## PROBLEM TO SOLVE
From top to bottom, print the listing word for word and skip any pictures it contains.

## DATASET SECTION
___

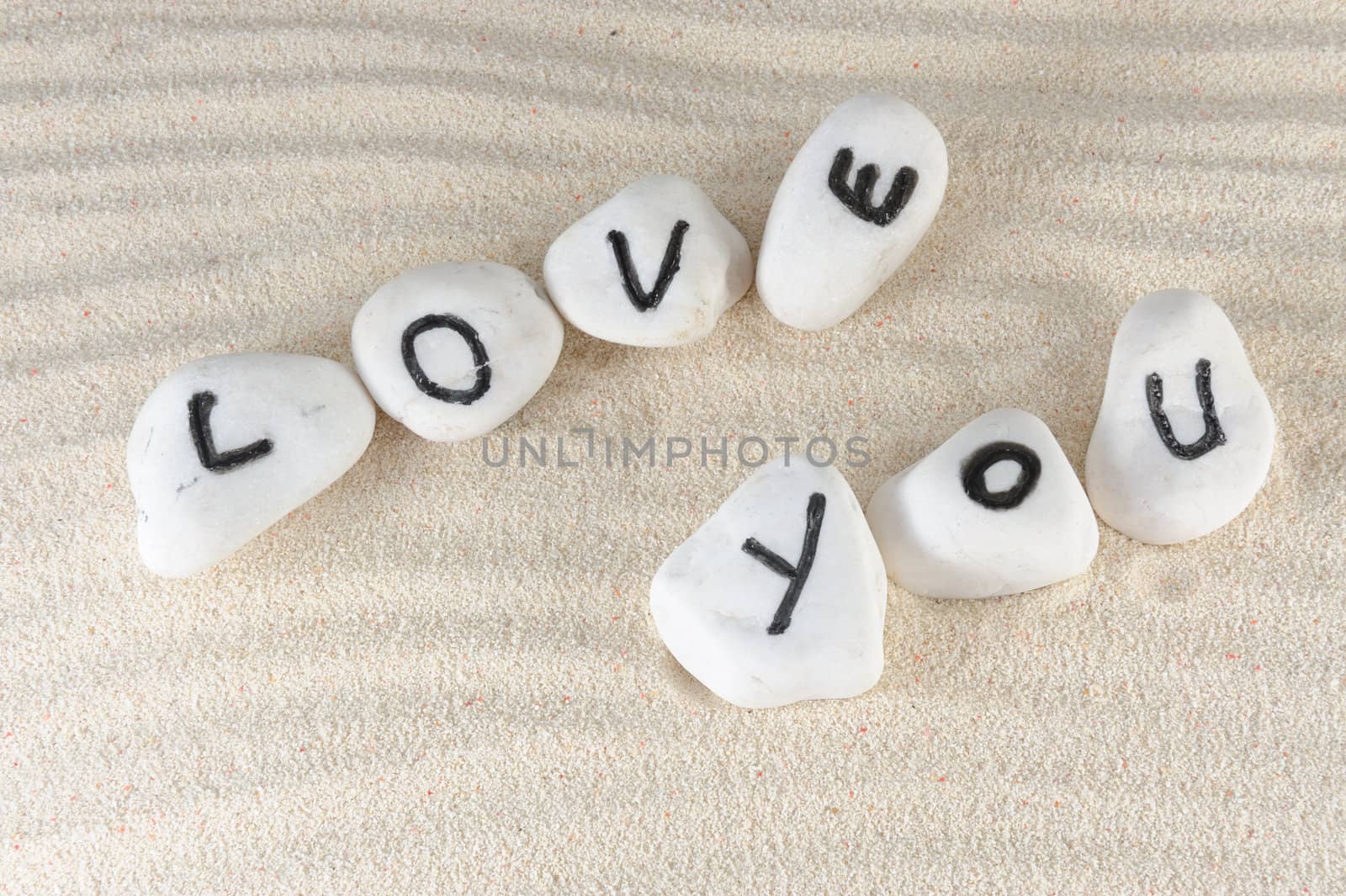 Love you words on group of stones with sand as background
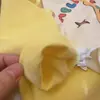 Camiseta de Manga Larga para Niños 2026 Primavera Nuevo Estilo Parche de Dibujos Animados Lindo Mangas Patchwork para Niños y Niñas Estilo Coreano Camiseta Base Moderna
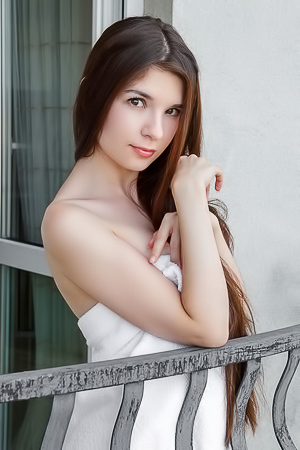 Donita Thighs Parted To Frame The Fluffy Curls Between Them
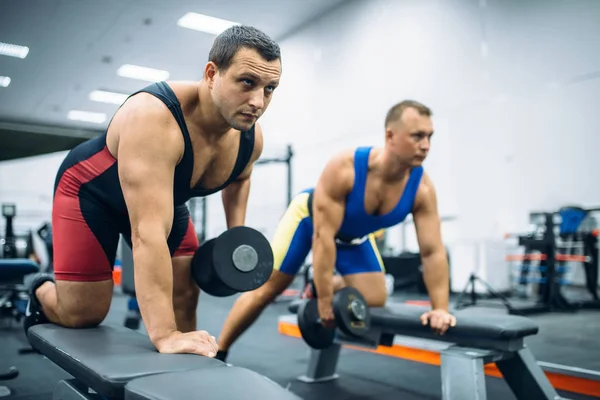 Two Male Weightlifters Doing Exercise Bench Dumbbell Gym Interior Background — Stock Photo, Image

___

## WRITTEN SOLUTION
 Love you words on group of stones with sand as background
 Camiseta de Manga Larga para Niños 2026 Primavera Nuevo Estilo Parche de Dibujos Animados Lindo Mangas Patchwork para Niños y Niñas Estilo Coreano Camiseta Base Moderna
 Donita Thighs Parted To Frame The Fluffy Curls Between Them
 Two Male Weightlifters Doing Exercise Bench Dumbbell Gym Interior Background — Stock Photo, Image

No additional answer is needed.